• DATASET EXTRACT:

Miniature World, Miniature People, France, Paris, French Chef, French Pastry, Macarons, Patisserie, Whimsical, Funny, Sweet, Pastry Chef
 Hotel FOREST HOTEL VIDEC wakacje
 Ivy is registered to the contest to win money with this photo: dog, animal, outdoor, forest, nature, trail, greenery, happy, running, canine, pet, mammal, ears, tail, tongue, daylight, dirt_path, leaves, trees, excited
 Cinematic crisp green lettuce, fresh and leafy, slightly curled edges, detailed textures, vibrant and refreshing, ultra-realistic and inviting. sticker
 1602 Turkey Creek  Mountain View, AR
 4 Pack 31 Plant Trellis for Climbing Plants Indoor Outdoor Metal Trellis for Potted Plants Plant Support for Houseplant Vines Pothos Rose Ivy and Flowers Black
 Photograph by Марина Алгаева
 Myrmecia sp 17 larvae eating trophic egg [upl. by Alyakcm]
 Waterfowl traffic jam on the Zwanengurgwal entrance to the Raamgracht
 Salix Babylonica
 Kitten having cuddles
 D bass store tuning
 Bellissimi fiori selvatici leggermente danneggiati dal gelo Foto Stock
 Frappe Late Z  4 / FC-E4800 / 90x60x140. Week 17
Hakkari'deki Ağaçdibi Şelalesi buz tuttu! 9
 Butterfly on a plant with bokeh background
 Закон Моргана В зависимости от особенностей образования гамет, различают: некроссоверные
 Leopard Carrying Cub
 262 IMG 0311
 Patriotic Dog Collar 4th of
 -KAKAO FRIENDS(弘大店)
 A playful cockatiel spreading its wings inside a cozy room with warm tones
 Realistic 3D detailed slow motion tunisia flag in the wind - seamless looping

• EXERCISE INSTRUCTIONS: Please return only the lines from the one with "Photograph by Марина Алгаева" through the end of the listing, each exactly as written, first and last included.

• ANSWER TO THE PROBLEM:
 Photograph by Марина Алгаева
 Myrmecia sp 17 larvae eating trophic egg [upl. by Alyakcm]
 Waterfowl traffic jam on the Zwanengurgwal entrance to the Raamgracht
 Salix Babylonica
 Kitten having cuddles
 D bass store tuning
 Bellissimi fiori selvatici leggermente danneggiati dal gelo Foto Stock
 Frappe Late Z  4 / FC-E4800 / 90x60x140. Week 17
Hakkari'deki Ağaçdibi Şelalesi buz tuttu! 9
 Butterfly on a plant with bokeh background
 Закон Моргана В зависимости от особенностей образования гамет, различают: некроссоверные
 Leopard Carrying Cub
 262 IMG 0311
 Patriotic Dog Collar 4th of
 -KAKAO FRIENDS(弘大店)
 A playful cockatiel spreading its wings inside a cozy room with warm tones
 Realistic 3D detailed slow motion tunisia flag in the wind - seamless looping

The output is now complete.